Dataset items
►

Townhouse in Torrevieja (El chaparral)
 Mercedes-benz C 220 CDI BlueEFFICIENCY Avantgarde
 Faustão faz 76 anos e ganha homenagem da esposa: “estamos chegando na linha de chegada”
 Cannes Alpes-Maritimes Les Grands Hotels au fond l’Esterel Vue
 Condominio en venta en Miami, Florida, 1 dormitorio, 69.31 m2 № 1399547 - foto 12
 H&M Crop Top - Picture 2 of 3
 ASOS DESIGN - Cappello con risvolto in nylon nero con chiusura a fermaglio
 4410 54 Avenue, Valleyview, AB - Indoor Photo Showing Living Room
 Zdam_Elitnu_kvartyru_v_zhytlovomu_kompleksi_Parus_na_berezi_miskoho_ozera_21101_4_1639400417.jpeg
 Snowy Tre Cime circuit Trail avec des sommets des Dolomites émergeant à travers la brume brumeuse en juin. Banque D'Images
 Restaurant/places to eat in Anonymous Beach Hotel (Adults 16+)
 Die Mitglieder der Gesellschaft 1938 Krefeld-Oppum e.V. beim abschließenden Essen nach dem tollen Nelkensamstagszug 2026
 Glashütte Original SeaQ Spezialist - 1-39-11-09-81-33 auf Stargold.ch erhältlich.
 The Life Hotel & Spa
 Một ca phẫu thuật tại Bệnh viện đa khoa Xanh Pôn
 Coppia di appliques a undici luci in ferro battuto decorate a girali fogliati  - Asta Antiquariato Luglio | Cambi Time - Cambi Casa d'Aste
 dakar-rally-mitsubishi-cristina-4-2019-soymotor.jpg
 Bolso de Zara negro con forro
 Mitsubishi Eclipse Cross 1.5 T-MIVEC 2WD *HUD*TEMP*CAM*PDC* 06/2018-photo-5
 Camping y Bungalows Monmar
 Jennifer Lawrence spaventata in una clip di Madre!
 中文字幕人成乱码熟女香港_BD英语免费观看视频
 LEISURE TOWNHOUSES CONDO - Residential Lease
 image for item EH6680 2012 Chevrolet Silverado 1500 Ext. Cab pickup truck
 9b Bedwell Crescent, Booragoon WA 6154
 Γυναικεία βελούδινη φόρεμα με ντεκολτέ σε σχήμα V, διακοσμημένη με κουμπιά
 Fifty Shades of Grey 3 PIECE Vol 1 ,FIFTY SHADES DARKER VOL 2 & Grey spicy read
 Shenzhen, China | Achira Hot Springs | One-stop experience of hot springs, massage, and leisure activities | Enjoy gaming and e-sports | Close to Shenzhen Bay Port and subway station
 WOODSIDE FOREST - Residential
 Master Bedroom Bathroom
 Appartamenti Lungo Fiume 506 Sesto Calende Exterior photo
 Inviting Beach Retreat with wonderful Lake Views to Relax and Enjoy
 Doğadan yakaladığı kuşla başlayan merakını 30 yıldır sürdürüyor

◄

The answer should be the full set of records, reproduced exactly.

EXERCISE RESULT ::
Townhouse in Torrevieja (El chaparral)
 Mercedes-benz C 220 CDI BlueEFFICIENCY Avantgarde
 Faustão faz 76 anos e ganha homenagem da esposa: “estamos chegando na linha de chegada”
 Cannes Alpes-Maritimes Les Grands Hotels au fond l’Esterel Vue
 Condominio en venta en Miami, Florida, 1 dormitorio, 69.31 m2 № 1399547 - foto 12
 H&M Crop Top - Picture 2 of 3
 ASOS DESIGN - Cappello con risvolto in nylon nero con chiusura a fermaglio
 4410 54 Avenue, Valleyview, AB - Indoor Photo Showing Living Room
 Zdam_Elitnu_kvartyru_v_zhytlovomu_kompleksi_Parus_na_berezi_miskoho_ozera_21101_4_1639400417.jpeg
 Snowy Tre Cime circuit Trail avec des sommets des Dolomites émergeant à travers la brume brumeuse en juin. Banque D'Images
 Restaurant/places to eat in Anonymous Beach Hotel (Adults 16+)
 Die Mitglieder der Gesellschaft 1938 Krefeld-Oppum e.V. beim abschließenden Essen nach dem tollen Nelkensamstagszug 2026
 Glashütte Original SeaQ Spezialist - 1-39-11-09-81-33 auf Stargold.ch erhältlich.
 The Life Hotel & Spa
 Một ca phẫu thuật tại Bệnh viện đa khoa Xanh Pôn
 Coppia di appliques a undici luci in ferro battuto decorate a girali fogliati  - Asta Antiquariato Luglio | Cambi Time - Cambi Casa d'Aste
 dakar-rally-mitsubishi-cristina-4-2019-soymotor.jpg
 Bolso de Zara negro con forro
 Mitsubishi Eclipse Cross 1.5 T-MIVEC 2WD *HUD*TEMP*CAM*PDC* 06/2018-photo-5
 Camping y Bungalows Monmar
 Jennifer Lawrence spaventata in una clip di Madre!
 中文字幕人成乱码熟女香港_BD英语免费观看视频
 LEISURE TOWNHOUSES CONDO - Residential Lease
 image for item EH6680 2012 Chevrolet Silverado 1500 Ext. Cab pickup truck
 9b Bedwell Crescent, Booragoon WA 6154
 Γυναικεία βελούδινη φόρεμα με ντεκολτέ σε σχήμα V, διακοσμημένη με κουμπιά
 Fifty Shades of Grey 3 PIECE Vol 1 ,FIFTY SHADES DARKER VOL 2 & Grey spicy read
 Shenzhen, China | Achira Hot Springs | One-stop experience of hot springs, massage, and leisure activities | Enjoy gaming and e-sports | Close to Shenzhen Bay Port and subway station
 WOODSIDE FOREST - Residential
 Master Bedroom Bathroom
 Appartamenti Lungo Fiume 506 Sesto Calende Exterior photo
 Inviting Beach Retreat with wonderful Lake Views to Relax and Enjoy
 Doğadan yakaladığı kuşla başlayan merakını 30 yıldır sürdürüyor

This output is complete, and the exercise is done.